*** Data for processing Section Begins ***
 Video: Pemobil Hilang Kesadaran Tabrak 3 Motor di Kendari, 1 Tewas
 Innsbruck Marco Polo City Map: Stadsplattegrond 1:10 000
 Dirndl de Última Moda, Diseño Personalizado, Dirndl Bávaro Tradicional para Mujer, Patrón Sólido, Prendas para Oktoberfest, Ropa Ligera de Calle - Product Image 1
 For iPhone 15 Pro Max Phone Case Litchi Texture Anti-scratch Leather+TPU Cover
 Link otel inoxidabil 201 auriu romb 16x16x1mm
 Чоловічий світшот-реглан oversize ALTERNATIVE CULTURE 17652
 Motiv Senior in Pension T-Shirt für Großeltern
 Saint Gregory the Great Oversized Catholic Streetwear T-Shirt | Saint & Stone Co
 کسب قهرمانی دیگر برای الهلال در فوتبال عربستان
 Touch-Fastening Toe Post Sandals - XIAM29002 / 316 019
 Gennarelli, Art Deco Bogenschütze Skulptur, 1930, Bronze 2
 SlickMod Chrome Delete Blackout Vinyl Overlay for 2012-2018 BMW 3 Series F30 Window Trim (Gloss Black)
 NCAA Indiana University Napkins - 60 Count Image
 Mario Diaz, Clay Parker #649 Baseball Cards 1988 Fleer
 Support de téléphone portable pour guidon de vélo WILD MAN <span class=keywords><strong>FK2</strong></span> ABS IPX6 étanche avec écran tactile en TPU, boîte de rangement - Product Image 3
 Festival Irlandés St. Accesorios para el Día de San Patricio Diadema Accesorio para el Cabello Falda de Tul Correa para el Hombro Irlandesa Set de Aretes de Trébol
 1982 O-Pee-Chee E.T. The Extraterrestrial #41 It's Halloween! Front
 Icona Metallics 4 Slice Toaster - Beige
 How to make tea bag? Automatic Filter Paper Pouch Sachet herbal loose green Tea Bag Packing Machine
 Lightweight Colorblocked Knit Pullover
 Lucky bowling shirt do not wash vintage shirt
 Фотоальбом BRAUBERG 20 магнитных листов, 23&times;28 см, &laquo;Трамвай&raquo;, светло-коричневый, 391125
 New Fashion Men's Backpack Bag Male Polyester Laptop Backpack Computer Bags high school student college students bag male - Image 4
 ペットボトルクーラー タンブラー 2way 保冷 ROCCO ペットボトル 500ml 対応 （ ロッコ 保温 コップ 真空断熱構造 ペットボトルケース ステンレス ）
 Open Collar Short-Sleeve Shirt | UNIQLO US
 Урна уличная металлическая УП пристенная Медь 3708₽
*** Data for processing Section Ends ***
## Brief
Now that the records have been shown, restate each one word for word.

## Problem solution
 Video: Pemobil Hilang Kesadaran Tabrak 3 Motor di Kendari, 1 Tewas
 Innsbruck Marco Polo City Map: Stadsplattegrond 1:10 000
 Dirndl de Última Moda, Diseño Personalizado, Dirndl Bávaro Tradicional para Mujer, Patrón Sólido, Prendas para Oktoberfest, Ropa Ligera de Calle - Product Image 1
 For iPhone 15 Pro Max Phone Case Litchi Texture Anti-scratch Leather+TPU Cover
 Link otel inoxidabil 201 auriu romb 16x16x1mm
 Чоловічий світшот-реглан oversize ALTERNATIVE CULTURE 17652
 Motiv Senior in Pension T-Shirt für Großeltern
 Saint Gregory the Great Oversized Catholic Streetwear T-Shirt | Saint & Stone Co
 کسب قهرمانی دیگر برای الهلال در فوتبال عربستان
 Touch-Fastening Toe Post Sandals - XIAM29002 / 316 019
 Gennarelli, Art Deco Bogenschütze Skulptur, 1930, Bronze 2
 SlickMod Chrome Delete Blackout Vinyl Overlay for 2012-2018 BMW 3 Series F30 Window Trim (Gloss Black)
 NCAA Indiana University Napkins - 60 Count Image
 Mario Diaz, Clay Parker #649 Baseball Cards 1988 Fleer
 Support de téléphone portable pour guidon de vélo WILD MAN <span class=keywords><strong>FK2</strong></span> ABS IPX6 étanche avec écran tactile en TPU, boîte de rangement - Product Image 3
 Festival Irlandés St. Accesorios para el Día de San Patricio Diadema Accesorio para el Cabello Falda de Tul Correa para el Hombro Irlandesa Set de Aretes de Trébol
 1982 O-Pee-Chee E.T. The Extraterrestrial #41 It's Halloween! Front
 Icona Metallics 4 Slice Toaster - Beige
 How to make tea bag? Automatic Filter Paper Pouch Sachet herbal loose green Tea Bag Packing Machine
 Lightweight Colorblocked Knit Pullover
 Lucky bowling shirt do not wash vintage shirt
 Фотоальбом BRAUBERG 20 магнитных листов, 23&times;28 см, &laquo;Трамвай&raquo;, светло-коричневый, 391125
 New Fashion Men's Backpack Bag Male Polyester Laptop Backpack Computer Bags high school student college students bag male - Image 4
 ペットボトルクーラー タンブラー 2way 保冷 ROCCO ペットボトル 500ml 対応 （ ロッコ 保温 コップ 真空断熱構造 ペットボトルケース ステンレス ）
 Open Collar Short-Sleeve Shirt | UNIQLO US
 Урна уличная металлическая УП пристенная Медь 3708₽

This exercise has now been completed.